Bölüm 16

4.4K 233 51
                                    

Varlığımın ve tüm hücrelerimin son damlasına kadar bir Usain Bolt edasıyla koştum. Bir yandan da tozlanmış çarkları çevirmeye çalışarak babamın geç geleceğini belirttiği halde neden erken ve de habersiz geldiğini bulmaya çalışıyordum.

Evin geniş bahçesine adımımı attığımda başka bir gerçek yüzüme çarptı. Ben şimdi babama ne diyeceğim? Saat olmuş gecenin körü. Soluklanmaya çalışarak yavaş adımlarla eve doğru ilerledim.

Işığı yanan oda da babamın ileri geri giden siluetini gördüğümde istemsizce yutkundum.Harbiden ne diyeceğim lan?
Babam beni hiçbir zaman dövmemişti. Gerçi yokluğunu babaannem doldurmuştu ama o konuya girmek istemiyorum. Yine de babam konuştuğu zaman öyle bir konuşurdu ki 'keşke ağzımı burnumu kırsa ' derdiniz.

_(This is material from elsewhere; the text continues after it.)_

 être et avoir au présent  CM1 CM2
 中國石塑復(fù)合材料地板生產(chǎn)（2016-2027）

Ne kadar geç gidersem yiyeceğim azar o kadar büyük olacağı için kendimi, ben ve göt korkumla birlikte kapıyı çalarken buldum.

Kapı açıldı. Ama o nasıl bir açılıştır? Önümden fırtına geçse bu kadar sarsılmazdım heralde. Buz gibi bir gece de bir yerlerimde dahil olmak üzere sucuk gibi terliyordum.

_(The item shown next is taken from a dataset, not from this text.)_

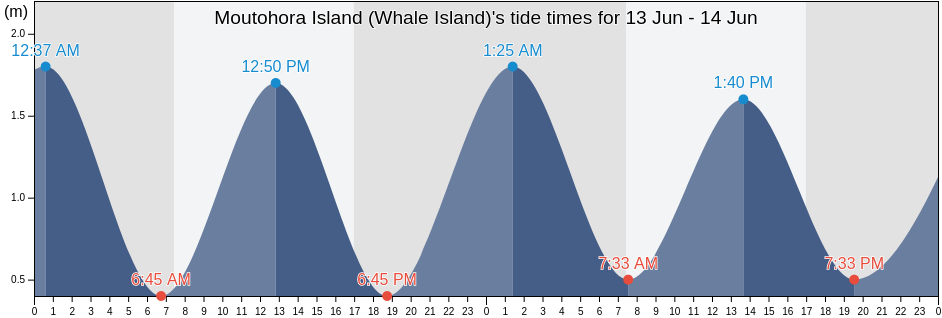 Moutohora Island (Whale Island), Whakatane District, Bay of Plenty, New Zealand tide chart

Babamla göz göze gelince bir anda tüm korkum buhar olup uçtu. En azından bir süreliğine. Çünkü onu karşımda biraz daha kırlaşmış saçları, biraz daha uzamış sakalları ve biraz daha yorgunlukla çöken omuzlarını görünce ağzımdan kaçan bir çığlıkla ona sarıldım.

Göz yaşlarım akmak için sınırları zorladığında sanki bunu engelleyebilecekmiş gibi burnumu çektim.

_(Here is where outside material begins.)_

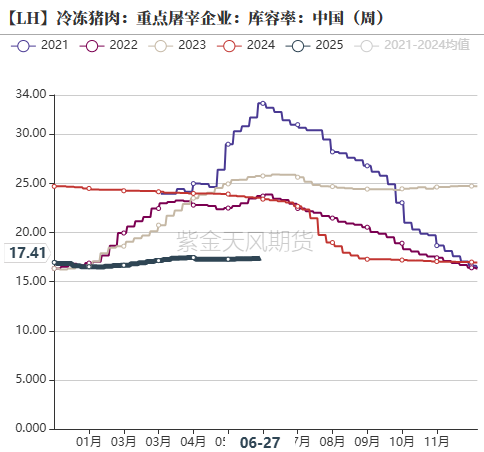 云评论 | 生猪：期货为啥突然大涨？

Babam bana sardığı kollarını biraz daha sıkıp beni koklarken "Yine mi burnunu bana siliyorsun? Bazen ben gelmesem burnunu silmeyecekmişsin gibi hissediyorum. " diye mırıldandı. Keyifle kıkırdayarak kendimi babamın kollarından kurtardım.

"Doğruyu söyle. İhtiyarlaşmamak için mi yiyorsun benim ömrümü? " dedim, çocuksu bir mutlulukla parlayan ela gözlerine bakarken. Sanırım zaman sizden sadece gözlerinizi çalamıyordu.

Homurdanarak bana baktı. "Doğruyu söyle. Benden böyle kurtulabileceğini düşünmüyorsun değil mi? " dedi kaşlarını yukarıya kaldırarak.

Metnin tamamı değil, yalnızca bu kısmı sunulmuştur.